As I write this, I don't know who will win, but I think that the popular margin of victory will be less than 2%. Depending on the electoral college breaks, Obama will win between 250 and 300 electoral votes. McCain will win between 240 and 290.

Like 2000 and 2004, this election will be very close. At this point in time, I give a slight edge (55% chance) to Obama.

patrickmurfin said...

I firmly believe Obama will win, comfortably in the Electoral College and by a wider than expected margin of the popular vote—I don’t believe that this will be a 1 or 2 % point election.

It’s not just because I am one of those dreamy eyed UU liberals, although I suppose I am. I can go all gooey inside with Obama’s soaring appeals to our better side, his emotional connection to the inspirations of my long ago youth from John Kennedy to Martin Luther King, his frankly appealing message of hope in a very dark era. I’ll cop to all of that.

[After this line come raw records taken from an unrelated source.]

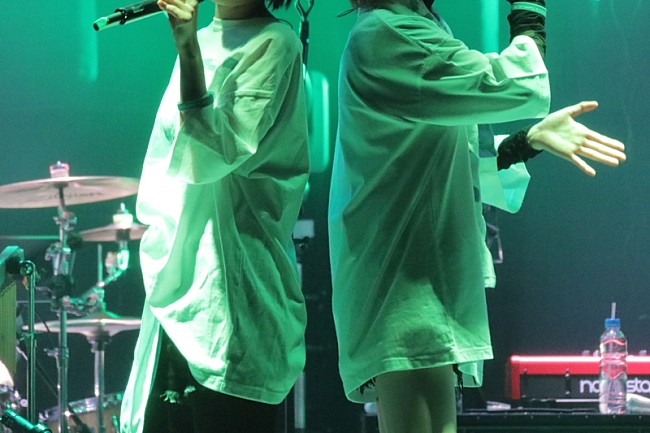 「＜ライブレポート＞ネット音楽シーンの新星、THE BINARYの次元を超えて拡大する表現世界」1枚目/9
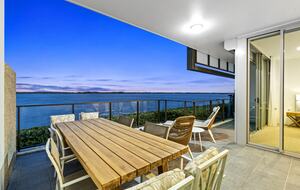 Elegant Waterfront Living on Ephraim Island - Gold Coast, Australia
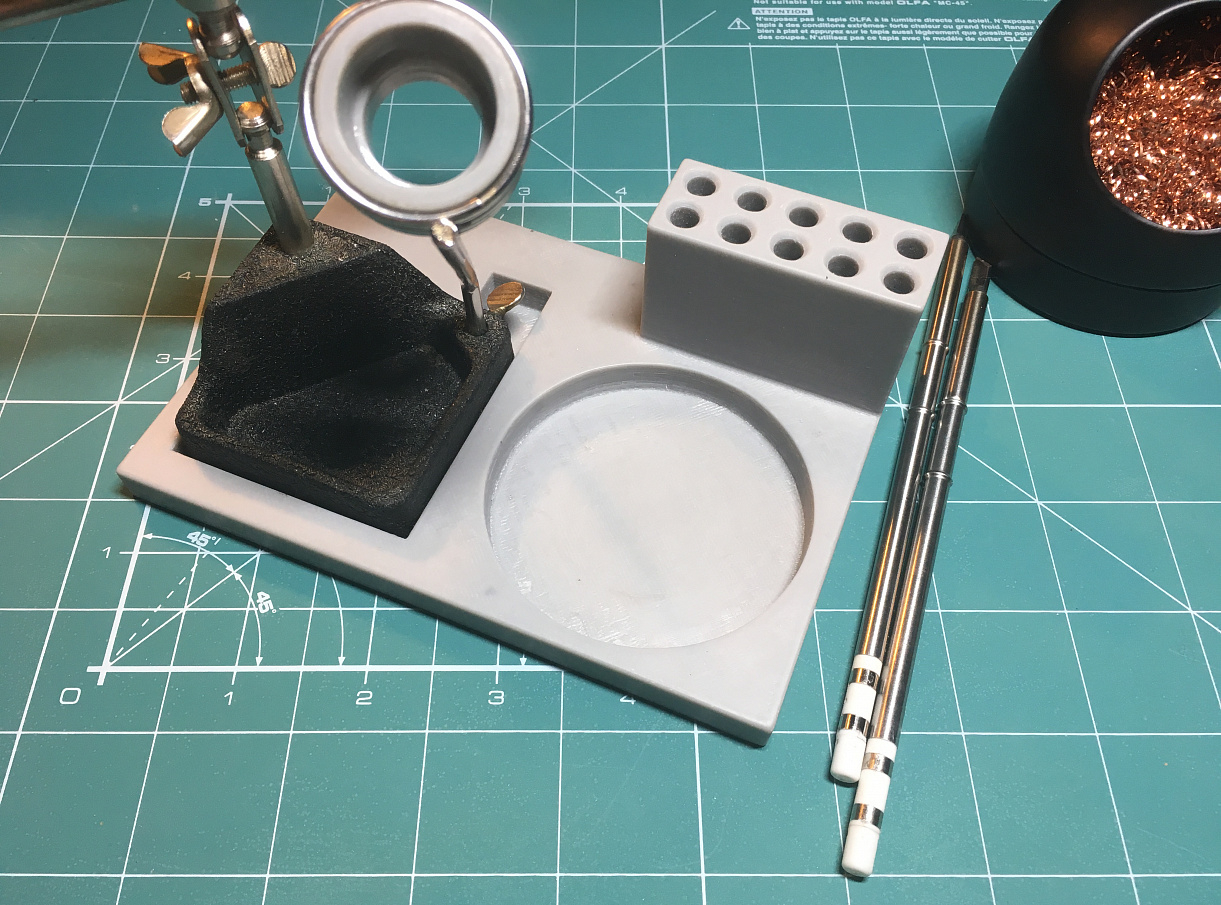 Hakko T12 lehimleme istasyonu klonu için lehimleme aksesuarları düzenleyicisi (Plastik Aparattır!!!) Hakko T12 lehimleme istasyonu klonu için lehimleme aksesuarları düzenleyicisi (Plastik Aparattır!!!)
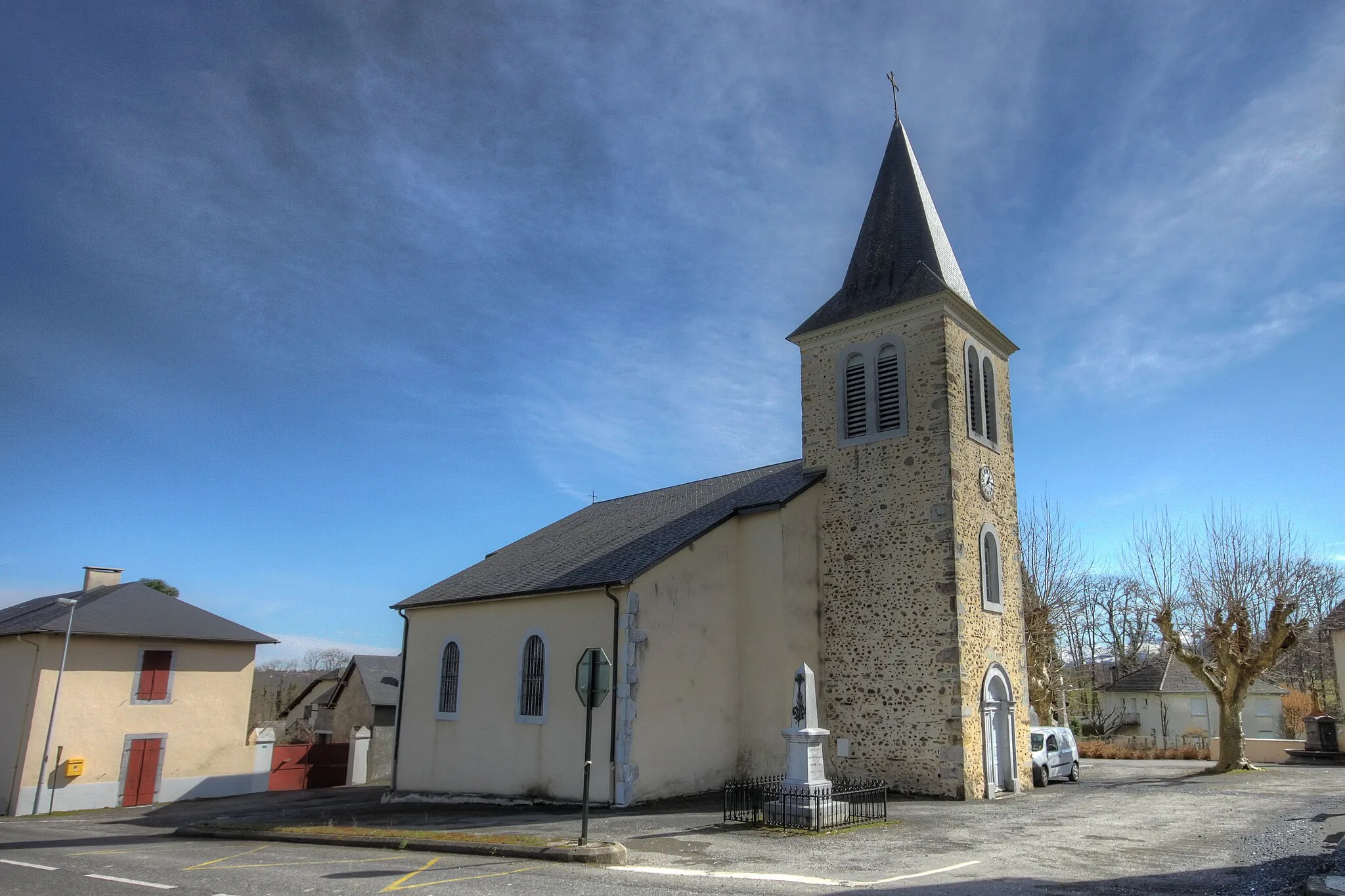 Photo showing: L'église Saint-Sébastien à Labatmale dans les Pyrénées-Atlantiques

But I am also a down-in-the-trenches kind of guy. I’ve had more than 40 years cranking mimeograph machines (remember those) in the peace movement, as labor organizer, a community activist, and such. For the last twenty or so years I have been up to my elbows in the grimy—and to many idealistic UUs disreputable—world of Democratic Party politics on the local, retail level. I am currently chair of a county party in what has been a traditionally Republican bastion. I know a thing or two about what it takes to move people, to energize them actually get up off the couch and do something.

So believe me when I tell you that I have never seen an organization so committed and focused as the Obama campaign. It is, bar none, the best field operation I have ever seen down to the precinct level. And what is more amazing that it has been organized not on traditional top-down, chain of command authority, but has really been built from the ground up in a style in which the lowliest stamp-licker knows he or she not only as job in the campaign, but has a voice in it. When organizations achieve this, they transform themselves into movements. And movements change history.

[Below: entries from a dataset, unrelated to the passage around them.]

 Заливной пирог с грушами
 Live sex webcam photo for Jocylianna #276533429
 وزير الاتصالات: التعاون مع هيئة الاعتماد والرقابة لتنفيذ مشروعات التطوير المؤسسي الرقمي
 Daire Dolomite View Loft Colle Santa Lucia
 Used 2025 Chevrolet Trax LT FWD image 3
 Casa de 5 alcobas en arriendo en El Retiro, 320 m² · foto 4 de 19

Finally, as an Illinoisan, I found out first hand never to underestimate Barack Obama’s intelligence and enormous skills. About seven years ago I met him in the dusty aftermath of a Democrat Day Rally at the State Fair in Springfield. A mutual friend introduced us. He was a state senator about to run for the US Senate. I was the obscure vice-chair of a county party that had not delivered a Democratic majority in a state wide election since before the Civil War. He took the time to chat for almost half an hour. He not only talked but he listened. He evidence a breadth of knowledge on an array of issues that astounded me and he had a keen, clear eyed assessment of what was possible. To say that I walked away impressed was an understatement. After we parted I told my friend that he was the most qualified man I had ever met for the US Senate, but that it was “too bad a guy with the name Obama can never be elected in Illinois.” So I supported another candidate in the Democratic primary. Along with the rest of the field, she was blown out of the water by Obama. I saw him run an outstanding statewide campaign. He won every corner of Illinois, even including my own ever-red McHenry County. Later I saw him pack the Woodstock Opera House and McHenry County College for town hall meetings at which life long Republicans were just as enthused as yellow dog Democrats.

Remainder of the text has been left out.